EXERCISE BRIEF ▸ Every line of the listing below from the one with "Amazon unboxing: fall" up to and including the one with "Pod desechable Iced" should be retyped exactly, and nothing else; pictures are not part of the copy.

DATASET ENTRIES ▸
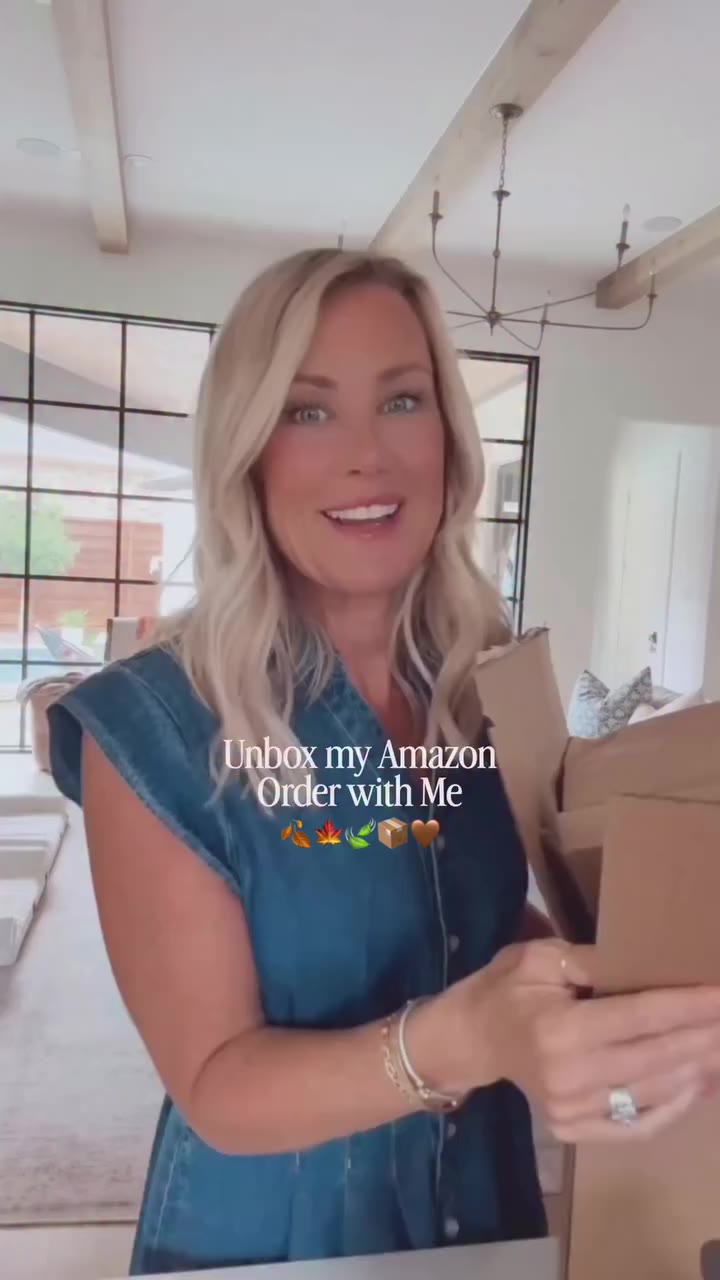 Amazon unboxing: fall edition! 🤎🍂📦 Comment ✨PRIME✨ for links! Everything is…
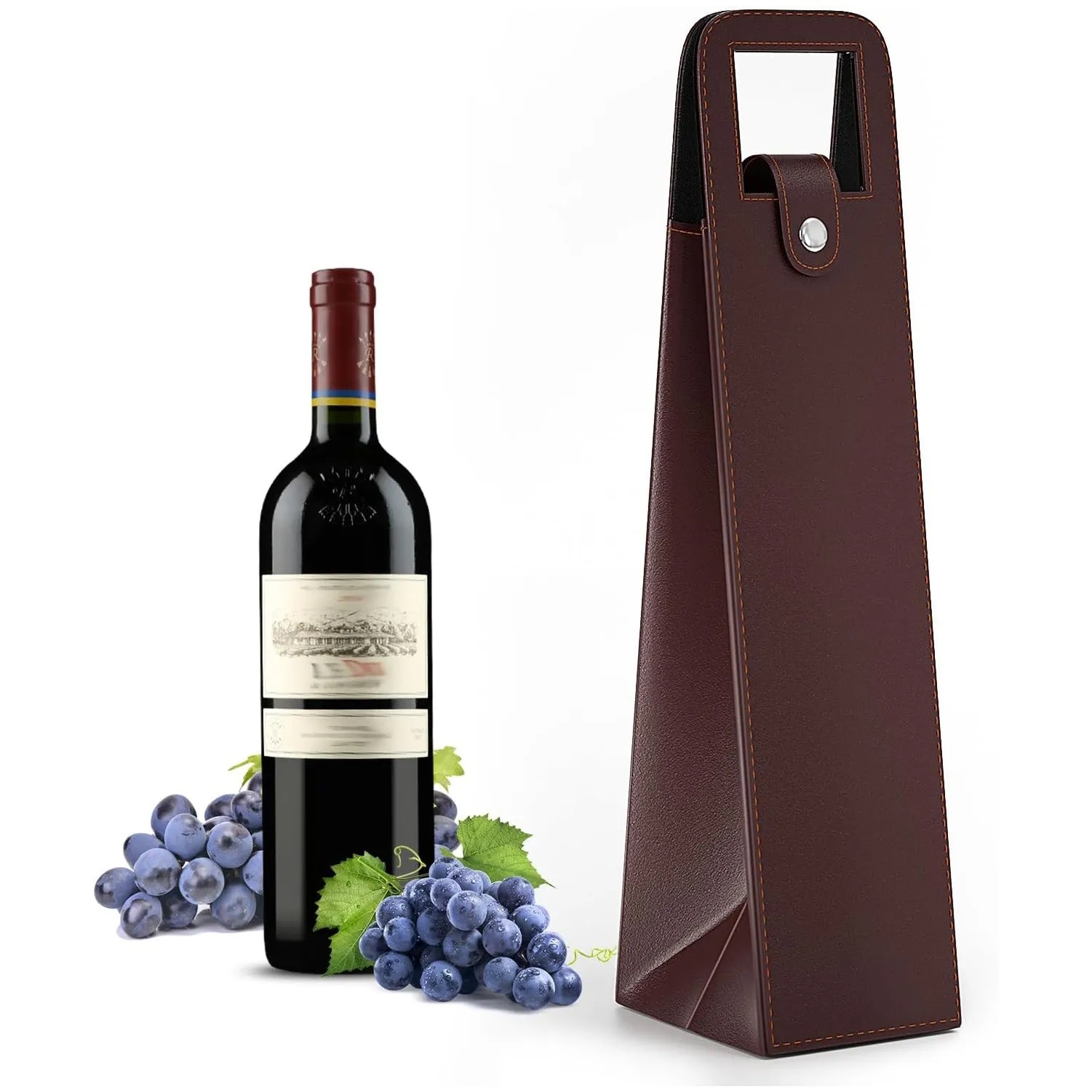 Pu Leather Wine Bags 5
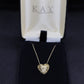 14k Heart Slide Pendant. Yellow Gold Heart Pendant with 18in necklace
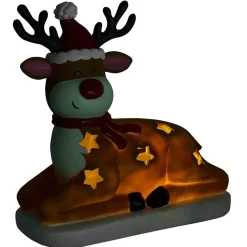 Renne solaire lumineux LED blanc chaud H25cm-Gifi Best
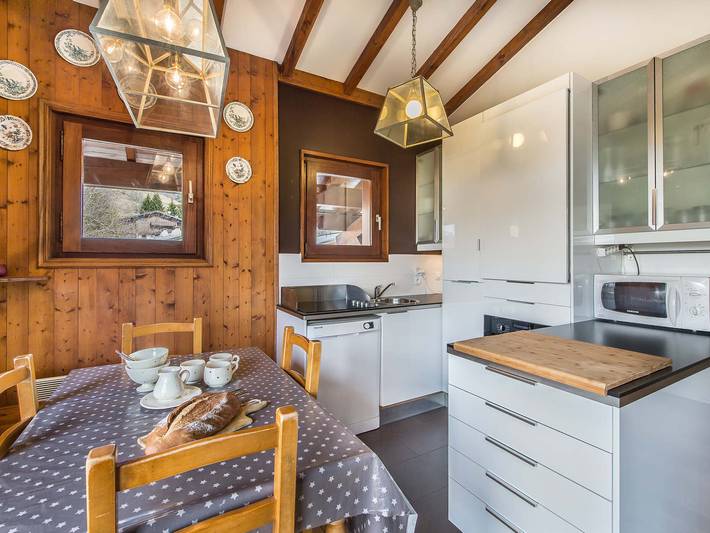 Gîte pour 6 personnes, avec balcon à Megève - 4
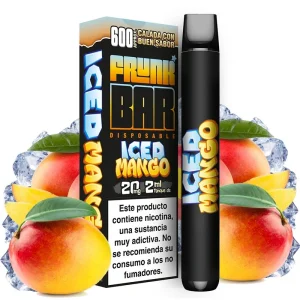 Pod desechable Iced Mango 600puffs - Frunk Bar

...

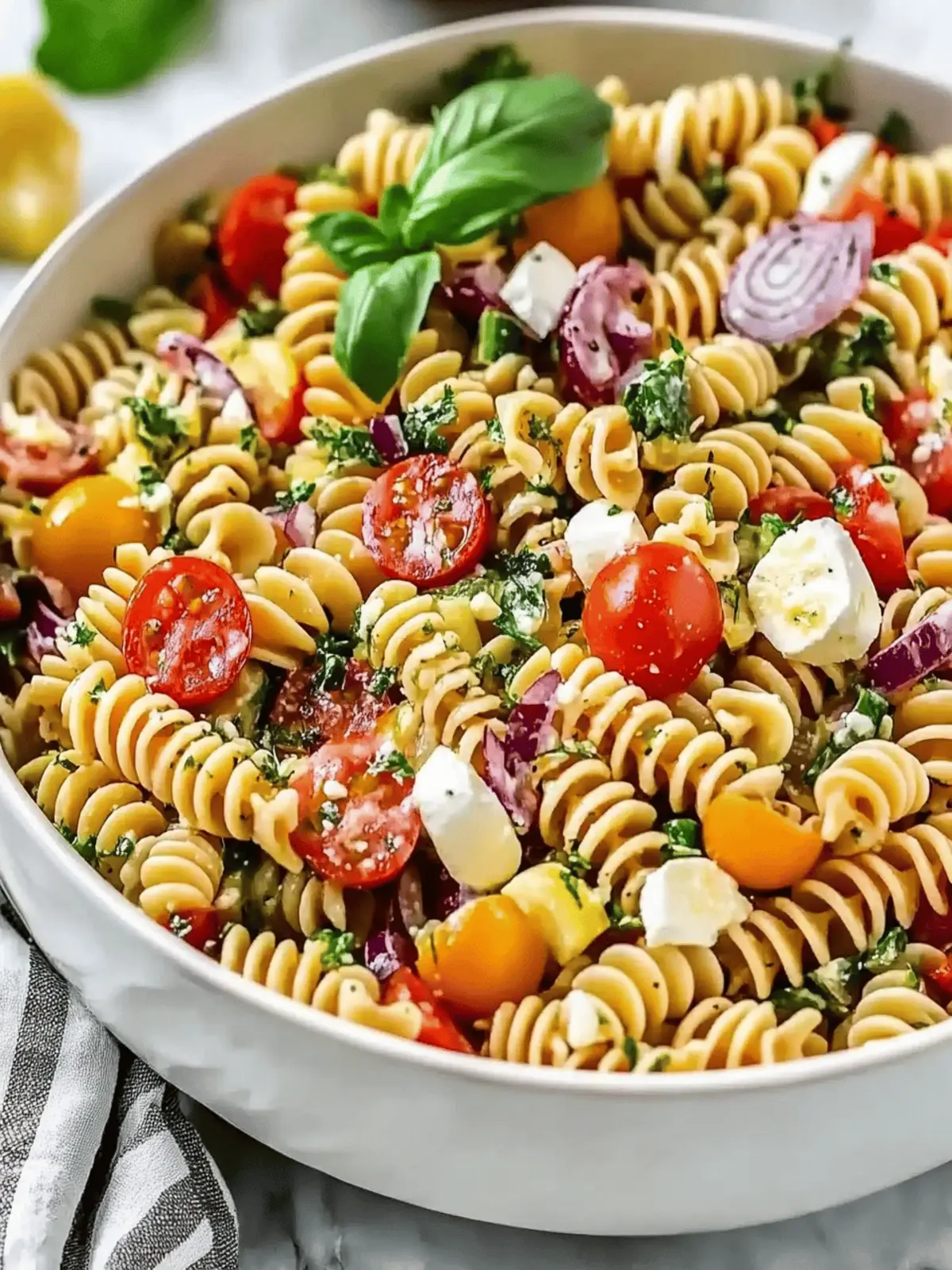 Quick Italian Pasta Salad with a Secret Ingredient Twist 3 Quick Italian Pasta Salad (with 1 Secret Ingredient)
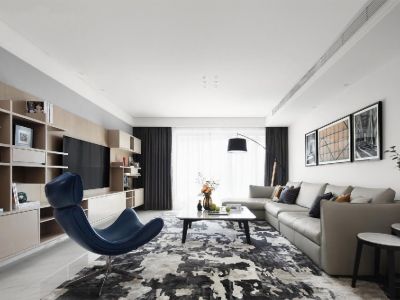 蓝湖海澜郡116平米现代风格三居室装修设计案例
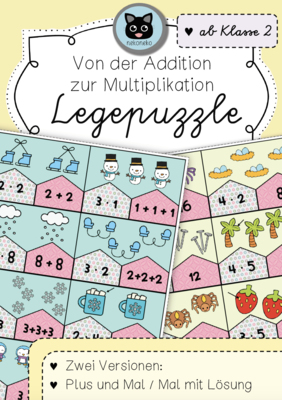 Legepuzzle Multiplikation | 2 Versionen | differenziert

* * *

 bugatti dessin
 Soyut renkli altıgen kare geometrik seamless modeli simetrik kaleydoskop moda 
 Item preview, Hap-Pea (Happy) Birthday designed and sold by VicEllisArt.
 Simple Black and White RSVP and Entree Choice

EXPECTED ANSWER ▸
 Amazon unboxing: fall edition! 🤎🍂📦 Comment ✨PRIME✨ for links! Everything is…
 Pu Leather Wine Bags 5
 14k Heart Slide Pendant. Yellow Gold Heart Pendant with 18in necklace
 Renne solaire lumineux LED blanc chaud H25cm-Gifi Best
 Gîte pour 6 personnes, avec balcon à Megève - 4
 Pod desechable Iced Mango 600puffs - Frunk Bar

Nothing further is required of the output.